Mauro Ferrari, Ph.D, President and CEO, Houston Methodist Research Institute
The research team at Houston Methodist Research Institute utilized a cancer drug called doxorubicin, which has been used for many years, but this drug causes many negative side effects to the heart and is not effective to treat metastatic cancer diseases. During the experimental study, the team used the injectable nanoparticle generator, which is made up of several components. The doxorubicin drug was embedded into this nanoparticle generator.

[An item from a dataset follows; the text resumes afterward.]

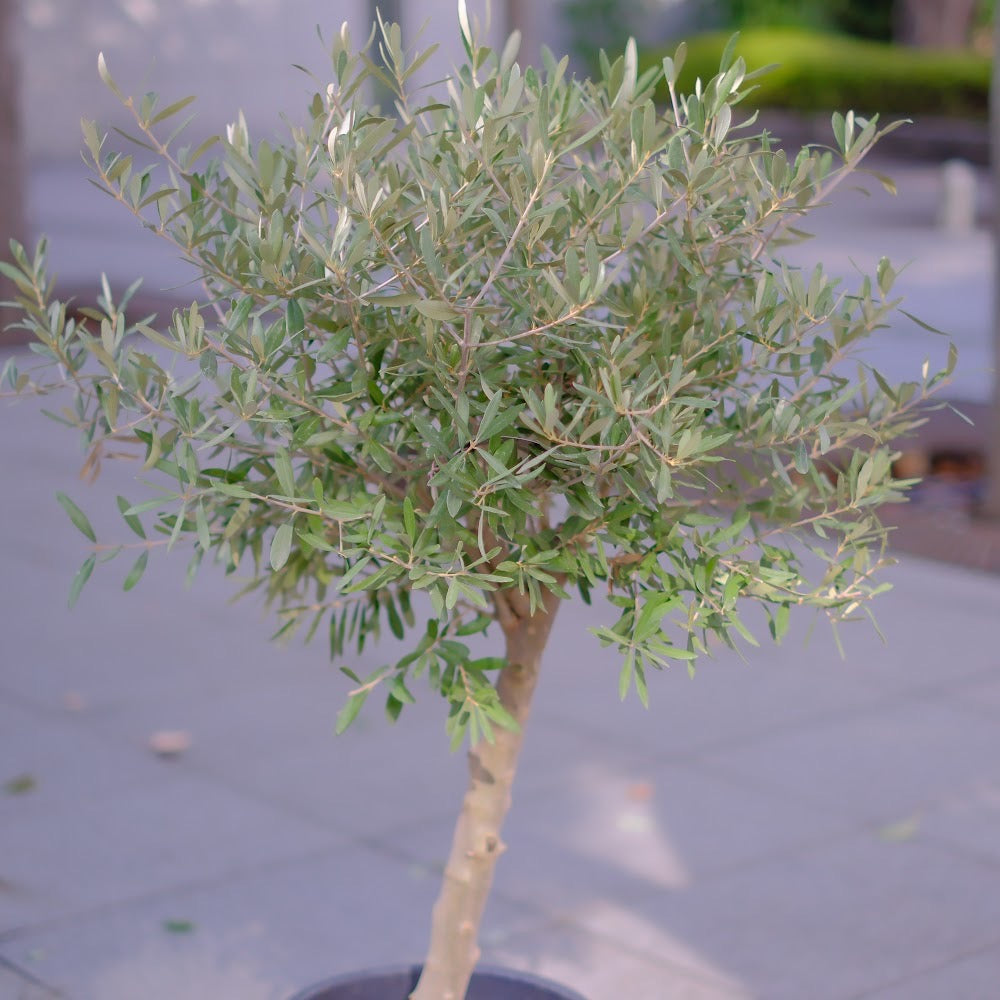 香川県産 SOUJU（創樹）】オリーブの木 シプレッシーノ 9号｜育て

Shen, a senior member of the department of nanomedicine at Houston Methodist Research Institute, explained that individual components play a critical and specific role in the process of drug delivery. Nanoporous silicon material is the first component that naturally decomposes in the body, and a polymer made up of different strands containing doxorubicin forms the second component. Once the silicon material is within the cancer cells, it decomposes and releases the strands. As a result of natural thermodynamic forces, the strands twist-up to form nanoparticles, which are then absorbed by the tumor cells. When these nanoparticles are within the tumor cells, the acidic pH close to the nucleus makes the nanoparticles release the drug. This active drug within the nucleus then acts to destroy the cancer cell.
If this research bears out in humans and we see even a fraction of this survival time, we are still talking about dramatically extending life for many years. That’s essentially providing a cure in a patient population that is now being told there is none.
Mauro Ferrari, Ph.D, President and CEO, Houston Methodist Research Institute
Ferrari holds the Ernest Cockrell Jr. Presidential Distinguished Chair and is considered one of the founders of nanomedicine and oncophysics (physics of mass transport within a cancer lesion).
According to the researchers, the active drug could aid cancer physicians to treat lung metastases arising from other origins, including primary lung cancers.
Other researchers who contributed to the paper were Rong Xu, Junhua Mai, Guodong Zhang, Xiaoyong Deng, Suhong Wu, Victor Segura-Ibarra, Haoran Liu, Jianliang Shen, Zhenhua Hu, Yi Huang, Yu Huang, Lingxiao Chen, Eugene Koay, Xuewu Liu, and Elvin Blanco from the Department of Nanomedicine, Houston Methodist Research Institute, Houston, Texas; Joe Ensor from Houston Methodist Cancer Center, Houston, Texas; and Jun Liu from the Department of Pathology and Laboratory Medicine, The University of Texas-Houston Medical School.
The study was funded by grants from National Institute of Health (U54CA143837 and U54CA151668), Department of Defense (W81XWH-09-1-0212 and W81XWH-12-1-0414), and The Cockrell Foundation.